Tatiana Oschepkova explains Employment Services of CIWA

These are the reasons why FCDP and CSSD came up with the Reunification Workshop which aims to address these challenges the family has to face once they reunite in Canada. We hope to:

l      Be able to help/guide and assist individuals prepare for the arrival of their loved ones

l      Help families to become successful in the reunification process

l      Guide Families to have a smooth, peaceful and enjoyable settlement in Canada

l      Assist families to integrate smoothly to the Canadian community

The Filipino Community Development Program of the Calgary Immigrant Women’s Association, funded by FCSS and in coordination with the Calgary Catholic School District held its first Reunification – SELF Preparation workshop with twelve enthusiastic and optimistic participants. The SELF preparation workshop is designed to help individuals prepare for the coming of their loved ones in Canada. Although some of the attendees are still working on their permanent residency which they are optimistic they will be able to obtain, said that the workshop is an eye opener.

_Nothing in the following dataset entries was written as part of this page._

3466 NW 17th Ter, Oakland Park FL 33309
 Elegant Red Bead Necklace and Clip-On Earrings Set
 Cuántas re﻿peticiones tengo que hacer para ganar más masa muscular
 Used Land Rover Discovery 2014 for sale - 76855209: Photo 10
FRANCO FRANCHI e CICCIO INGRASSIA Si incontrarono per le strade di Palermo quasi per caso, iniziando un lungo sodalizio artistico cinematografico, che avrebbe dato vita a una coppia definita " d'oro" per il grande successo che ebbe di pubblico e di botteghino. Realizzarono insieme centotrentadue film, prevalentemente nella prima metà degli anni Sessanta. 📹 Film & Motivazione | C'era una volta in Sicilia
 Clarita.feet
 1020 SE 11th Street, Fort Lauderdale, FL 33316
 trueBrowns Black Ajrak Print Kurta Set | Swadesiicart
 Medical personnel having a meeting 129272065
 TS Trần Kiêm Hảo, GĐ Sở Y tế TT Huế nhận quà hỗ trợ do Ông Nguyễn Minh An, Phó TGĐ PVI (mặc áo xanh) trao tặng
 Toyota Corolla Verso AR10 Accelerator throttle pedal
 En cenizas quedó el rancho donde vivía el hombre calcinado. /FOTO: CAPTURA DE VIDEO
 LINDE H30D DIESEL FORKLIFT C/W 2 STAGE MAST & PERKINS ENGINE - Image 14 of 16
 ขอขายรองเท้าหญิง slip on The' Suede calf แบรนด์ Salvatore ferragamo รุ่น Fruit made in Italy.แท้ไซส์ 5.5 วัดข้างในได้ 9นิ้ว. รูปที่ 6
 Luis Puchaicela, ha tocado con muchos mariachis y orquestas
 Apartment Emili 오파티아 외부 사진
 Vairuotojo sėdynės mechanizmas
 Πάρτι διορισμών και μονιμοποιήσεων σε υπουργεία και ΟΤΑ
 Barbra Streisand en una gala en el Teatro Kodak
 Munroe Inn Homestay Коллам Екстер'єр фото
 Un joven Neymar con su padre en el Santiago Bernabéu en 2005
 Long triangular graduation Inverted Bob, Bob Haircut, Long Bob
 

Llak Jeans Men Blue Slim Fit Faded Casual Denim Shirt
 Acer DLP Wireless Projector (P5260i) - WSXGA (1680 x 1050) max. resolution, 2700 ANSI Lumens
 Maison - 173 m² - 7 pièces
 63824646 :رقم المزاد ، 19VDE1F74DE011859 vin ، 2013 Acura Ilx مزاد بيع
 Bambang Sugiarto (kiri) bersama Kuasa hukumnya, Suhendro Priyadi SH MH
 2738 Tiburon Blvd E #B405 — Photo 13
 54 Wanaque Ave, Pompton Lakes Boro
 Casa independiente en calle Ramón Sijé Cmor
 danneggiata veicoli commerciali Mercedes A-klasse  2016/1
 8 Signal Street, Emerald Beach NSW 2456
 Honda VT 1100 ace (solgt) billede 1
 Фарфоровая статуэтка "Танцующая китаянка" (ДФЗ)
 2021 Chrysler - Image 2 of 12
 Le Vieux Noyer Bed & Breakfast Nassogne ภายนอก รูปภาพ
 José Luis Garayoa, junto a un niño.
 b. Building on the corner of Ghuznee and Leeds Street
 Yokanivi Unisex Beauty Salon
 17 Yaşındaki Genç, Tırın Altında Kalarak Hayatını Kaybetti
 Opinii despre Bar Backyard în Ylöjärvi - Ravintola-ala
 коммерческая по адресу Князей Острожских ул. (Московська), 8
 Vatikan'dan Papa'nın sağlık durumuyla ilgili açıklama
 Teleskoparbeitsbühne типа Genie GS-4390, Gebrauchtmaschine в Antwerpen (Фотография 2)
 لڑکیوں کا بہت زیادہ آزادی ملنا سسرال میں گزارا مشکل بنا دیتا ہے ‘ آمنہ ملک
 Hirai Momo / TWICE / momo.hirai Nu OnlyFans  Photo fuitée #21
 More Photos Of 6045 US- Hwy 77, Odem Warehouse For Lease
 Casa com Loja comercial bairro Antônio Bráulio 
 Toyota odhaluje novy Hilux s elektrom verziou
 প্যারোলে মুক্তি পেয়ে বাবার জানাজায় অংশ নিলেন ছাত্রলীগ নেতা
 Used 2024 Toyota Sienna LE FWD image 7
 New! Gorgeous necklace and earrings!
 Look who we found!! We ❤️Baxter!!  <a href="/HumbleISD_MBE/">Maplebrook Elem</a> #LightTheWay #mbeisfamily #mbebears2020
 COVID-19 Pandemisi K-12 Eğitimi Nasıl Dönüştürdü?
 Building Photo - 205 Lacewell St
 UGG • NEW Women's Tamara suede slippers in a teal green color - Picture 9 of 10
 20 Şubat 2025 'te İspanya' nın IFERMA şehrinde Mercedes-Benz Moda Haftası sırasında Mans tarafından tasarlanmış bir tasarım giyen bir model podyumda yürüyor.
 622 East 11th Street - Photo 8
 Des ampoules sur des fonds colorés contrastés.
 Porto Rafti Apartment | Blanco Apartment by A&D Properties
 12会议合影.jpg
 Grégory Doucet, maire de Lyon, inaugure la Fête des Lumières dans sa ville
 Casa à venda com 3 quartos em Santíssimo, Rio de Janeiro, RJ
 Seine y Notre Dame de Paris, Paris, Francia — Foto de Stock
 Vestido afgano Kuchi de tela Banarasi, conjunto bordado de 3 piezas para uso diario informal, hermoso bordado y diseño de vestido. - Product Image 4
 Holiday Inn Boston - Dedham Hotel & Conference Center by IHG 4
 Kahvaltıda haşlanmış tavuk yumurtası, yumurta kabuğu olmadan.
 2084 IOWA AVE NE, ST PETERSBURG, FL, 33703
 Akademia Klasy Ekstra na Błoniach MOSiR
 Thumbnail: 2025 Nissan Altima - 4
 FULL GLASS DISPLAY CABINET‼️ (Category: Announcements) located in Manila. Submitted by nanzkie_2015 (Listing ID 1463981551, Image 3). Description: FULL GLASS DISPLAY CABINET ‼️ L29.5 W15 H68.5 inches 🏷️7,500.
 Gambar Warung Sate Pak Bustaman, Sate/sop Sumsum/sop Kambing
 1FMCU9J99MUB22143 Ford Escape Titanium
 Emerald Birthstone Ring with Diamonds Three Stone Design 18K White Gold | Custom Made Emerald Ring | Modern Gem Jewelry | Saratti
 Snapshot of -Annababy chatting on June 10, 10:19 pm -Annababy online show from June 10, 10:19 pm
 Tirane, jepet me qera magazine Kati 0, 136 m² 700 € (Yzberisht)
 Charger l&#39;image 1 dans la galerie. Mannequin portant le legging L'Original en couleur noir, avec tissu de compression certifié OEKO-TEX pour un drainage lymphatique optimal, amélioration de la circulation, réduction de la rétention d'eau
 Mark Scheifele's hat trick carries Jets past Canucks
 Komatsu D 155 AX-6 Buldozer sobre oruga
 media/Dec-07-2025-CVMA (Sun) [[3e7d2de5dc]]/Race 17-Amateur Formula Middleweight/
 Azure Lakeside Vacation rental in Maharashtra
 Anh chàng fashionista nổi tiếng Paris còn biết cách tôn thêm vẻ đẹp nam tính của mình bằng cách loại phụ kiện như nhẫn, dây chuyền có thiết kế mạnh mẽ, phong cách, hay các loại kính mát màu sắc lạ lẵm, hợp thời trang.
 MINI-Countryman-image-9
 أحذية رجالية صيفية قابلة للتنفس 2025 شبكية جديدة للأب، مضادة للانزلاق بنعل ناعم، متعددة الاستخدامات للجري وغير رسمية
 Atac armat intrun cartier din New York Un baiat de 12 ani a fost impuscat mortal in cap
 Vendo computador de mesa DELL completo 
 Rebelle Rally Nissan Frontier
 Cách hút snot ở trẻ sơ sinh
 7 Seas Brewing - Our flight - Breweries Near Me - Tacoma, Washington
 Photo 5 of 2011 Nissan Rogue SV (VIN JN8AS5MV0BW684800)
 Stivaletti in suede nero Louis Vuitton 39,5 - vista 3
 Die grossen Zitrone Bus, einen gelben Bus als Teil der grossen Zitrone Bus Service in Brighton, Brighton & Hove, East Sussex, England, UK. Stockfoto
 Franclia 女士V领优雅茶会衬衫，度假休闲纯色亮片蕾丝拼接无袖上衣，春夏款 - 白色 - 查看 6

Mariel Guina of CSSD Halo halo to Snow

The workshop included topics on HOUSING and BUDGETING, which was ably delivered by Karyn Hill, one of CIWA Integration Counselors. It aimed at guiding the participants how to find low cost and affordable housing for their families even before they get to Canada. CIWA is always able to assist new immigrants how to find affordable housing while in their settlement stage. Budgeting and managing their finances was one topic the participants really liked. It did not only help them prepare their budget, it made them realize the importance of budgeting especially if the family is already in Canada.


The author on SELF-DISCOVERY

Employment, a very in demand topic nowadays was one of the highlights of the workshop. Delivered by one of CIWA Employment Counselors, Tatiana Oshchepkova, she discussed all the Employment Skills training, workshops and mentoring being offered by CIWA which the participants and their families can avail, free of charge once they are reunited in Canada. We don’t find employment for people. We help people enhance their employment skills and improve their employability.

Maria Steinborn, Supervisor of the Calgary Catholic School Reception Centre explained the Canadian school system. This is to help the parents prepare for their children’s schooling when they finally come to Canada. Maria explained that children who are new comers have to undergo assessment and that grade level entry depends on the child’s age. While all Alberta schools follow and uses the same curriculum, she mentioned that Canada’s education system has a little difference from province to province. To further guide the parents, Maria requested each participant to answer a simple survey asking them “What they want to know about schools and their children’s education when they come to Canada”. The responses will help Maria and her team to understand what the needs are and how to address them. Maria expressed that even non -  Catholic children are welcome to attend the Catholic school.


Group Picture

The theme “LEAVING HOME to RECREATING HOME or HALO –HALO to SNOW was the main event of the workshop. Mariel Guina of CSSD and my self teamed up in the delivery of the course. We started it by bringing the participants back to the memory lane…which we called “Self Discovery”. The participants were then asked to do self assessment and reflection about their experiences, their fears, their dreams, their plans as well as their priorities when they first left their families to work in Canada. Tears fell…and only the participants know why….

Summarizing the feedback given by the participants, the workshop was an eye opener, realistic and it made them realize a lot of things!

This is just the first step, once their families arrive, they will all be attending the FAMILY WORKSHOP.